The ISA representation is available as1) a tabular format (ISA-TAB), which is a spreadsheet-like format targeted for biologists/experimentalists. 2) an RDF representation (produced by the ISA2OWL project), following the semantic web/linked data approach. This representation is targeted to bioinformaticians/software developers, it facilitates the integration of data, rich querying and reasoning over the data. The ISA framework also has support for submission to public repositories, either by direct submission to databases that support the format (e.g. Metabolights, GIGA-DB) .

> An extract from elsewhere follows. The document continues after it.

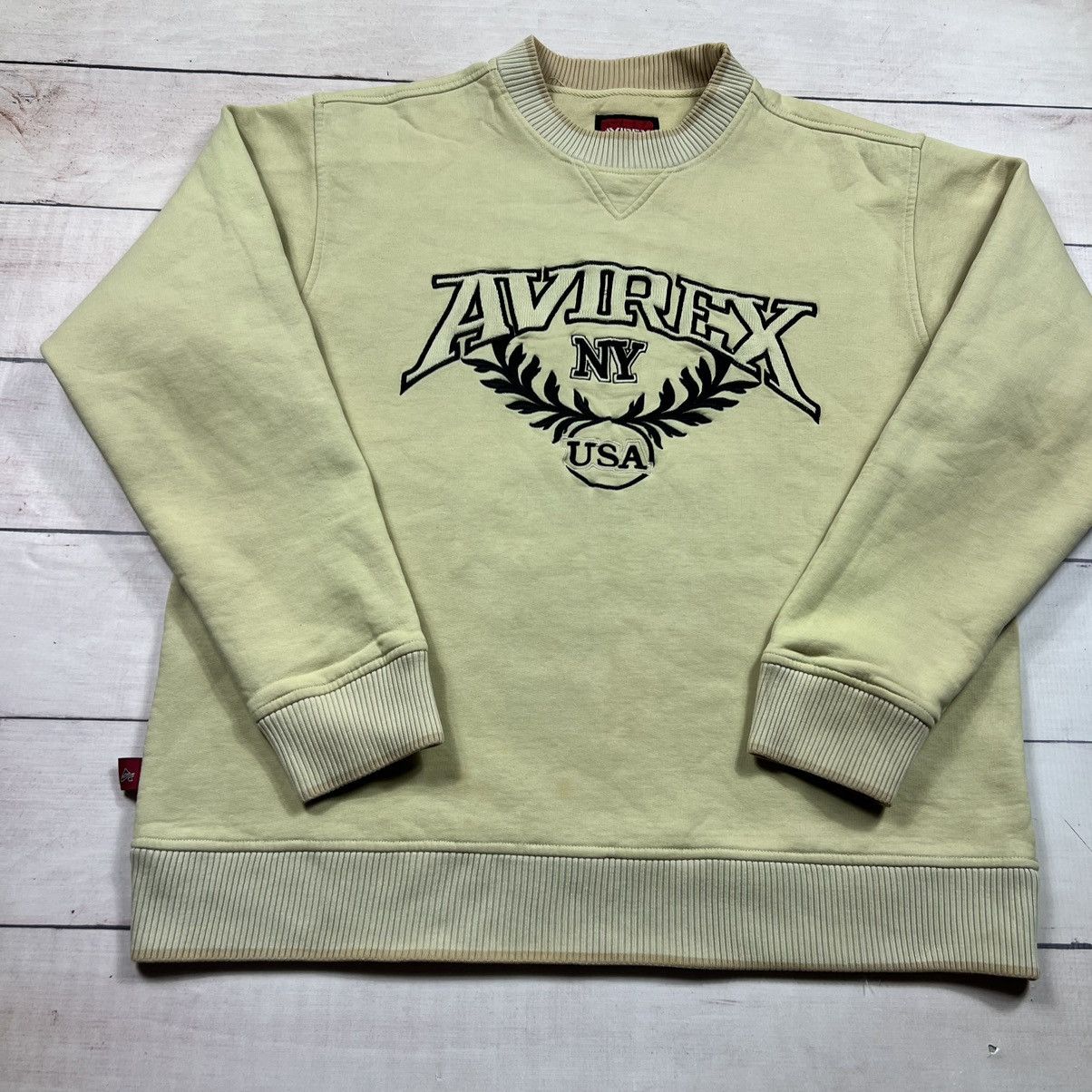 Avirex Avirex Sweatshirt Vintage Beige Embroidered Big Logo Retro Size US M / EU 48-50 / 2 - 3 Thumbnail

That just leaves me to thank the GigaScience team: Laurie, Scott, Alexandra, Peter and Jesse, BGI for their support - specifically Shaoguang for IT and bioinformatics support – our collaborators on the database, website and tools: Tin-Lap, Qiong, Senhong, Yan, the Cogini web design team, Datacite for providing the DOI service and the isacommons team for their support and advocacy for best practice use of metadata reporting and sharing. Thank you for listening.